In this post from August, I laid out my reasons for avoiding app stores like the ones on Mac, Windows 8, and Ubuntu. There's a number of reasons why app stores are bad and there are a number of good reasons why developers should avoid them as much as they can. But being a pragamatist, I also realize that, as independent developers, we have to feed ourselves. Sometimes, that means doing things that we find a but unsavory and making hard compromises in order to put food on the table and live a decent life.

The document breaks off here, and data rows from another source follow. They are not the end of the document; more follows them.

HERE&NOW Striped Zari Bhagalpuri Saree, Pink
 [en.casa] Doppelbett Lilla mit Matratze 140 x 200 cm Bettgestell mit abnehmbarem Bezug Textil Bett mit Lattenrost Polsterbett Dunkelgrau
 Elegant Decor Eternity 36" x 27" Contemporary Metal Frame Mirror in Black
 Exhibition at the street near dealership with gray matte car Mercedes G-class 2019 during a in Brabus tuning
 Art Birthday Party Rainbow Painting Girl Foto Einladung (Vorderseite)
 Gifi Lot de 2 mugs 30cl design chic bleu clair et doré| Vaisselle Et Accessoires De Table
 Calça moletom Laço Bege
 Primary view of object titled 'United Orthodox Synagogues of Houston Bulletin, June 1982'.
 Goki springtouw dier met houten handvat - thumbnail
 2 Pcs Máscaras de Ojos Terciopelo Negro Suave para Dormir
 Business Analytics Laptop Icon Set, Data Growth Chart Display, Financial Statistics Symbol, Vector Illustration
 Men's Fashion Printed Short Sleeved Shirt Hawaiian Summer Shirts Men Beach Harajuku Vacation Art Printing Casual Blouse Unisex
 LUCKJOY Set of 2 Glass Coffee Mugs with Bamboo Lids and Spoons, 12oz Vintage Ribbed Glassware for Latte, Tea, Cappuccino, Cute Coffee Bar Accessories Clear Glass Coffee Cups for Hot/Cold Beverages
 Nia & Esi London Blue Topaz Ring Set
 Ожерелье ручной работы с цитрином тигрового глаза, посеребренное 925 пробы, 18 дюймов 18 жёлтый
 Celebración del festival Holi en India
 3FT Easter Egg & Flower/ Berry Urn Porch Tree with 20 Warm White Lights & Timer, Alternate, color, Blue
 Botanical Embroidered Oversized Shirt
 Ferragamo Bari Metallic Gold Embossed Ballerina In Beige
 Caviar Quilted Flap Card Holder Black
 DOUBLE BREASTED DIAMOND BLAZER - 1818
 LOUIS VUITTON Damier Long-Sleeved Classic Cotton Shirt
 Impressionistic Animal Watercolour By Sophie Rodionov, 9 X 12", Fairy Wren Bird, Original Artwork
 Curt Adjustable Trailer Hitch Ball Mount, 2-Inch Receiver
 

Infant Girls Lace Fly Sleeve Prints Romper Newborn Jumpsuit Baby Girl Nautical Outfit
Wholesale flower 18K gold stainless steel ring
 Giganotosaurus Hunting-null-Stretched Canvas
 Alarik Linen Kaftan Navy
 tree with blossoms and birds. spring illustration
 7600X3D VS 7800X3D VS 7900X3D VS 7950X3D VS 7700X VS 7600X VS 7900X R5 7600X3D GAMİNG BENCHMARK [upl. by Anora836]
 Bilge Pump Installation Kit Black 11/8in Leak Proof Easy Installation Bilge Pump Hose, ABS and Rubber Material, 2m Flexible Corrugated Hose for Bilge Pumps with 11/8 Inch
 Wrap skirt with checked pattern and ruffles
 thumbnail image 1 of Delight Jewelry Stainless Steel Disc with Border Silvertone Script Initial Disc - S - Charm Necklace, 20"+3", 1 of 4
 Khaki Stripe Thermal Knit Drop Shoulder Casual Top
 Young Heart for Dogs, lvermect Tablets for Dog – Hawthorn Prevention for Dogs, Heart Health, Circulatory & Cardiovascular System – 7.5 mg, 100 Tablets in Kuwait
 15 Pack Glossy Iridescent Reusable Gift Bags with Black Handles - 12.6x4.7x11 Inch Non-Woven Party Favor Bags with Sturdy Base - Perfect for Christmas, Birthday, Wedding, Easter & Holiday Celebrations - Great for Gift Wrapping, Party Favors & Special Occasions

App stores are one of those things.
I've got a few applications that I sell through services like GumRoad and, I have to say, it's tough. More and users are turning exclusively to app stores to find everything from small, free, utility software to major applications like PhotoShop and Quicken. Additionally, users are (incorrectly) begining to equate app store inclusion with security; if you're not in the app store, you can't be trusted but if you are, everything is alright. The sad fact is that we can rage against the machine as much as we want, we can blame users ineptitude at using their computers, we can shake our fist at the heavens but, at the end of the day, it's all about money and putting food on the table.
After selling software for over 10 years without being in an app store (for a good part of that time, they didn't exist), I'm not convinced that an independent developer must be in an app store to succeed. There's simply no way around it. I continue to hate the idea and I think it's harmful to independent developer like myself, but it is what it is and I will be paying my $99 to Apple and Microsoft to be part of the club.
Times are changing for both users and developers. We either have to change with them or be left in the dust. It's time to pick our battles. I'm not choosing to die on this hill.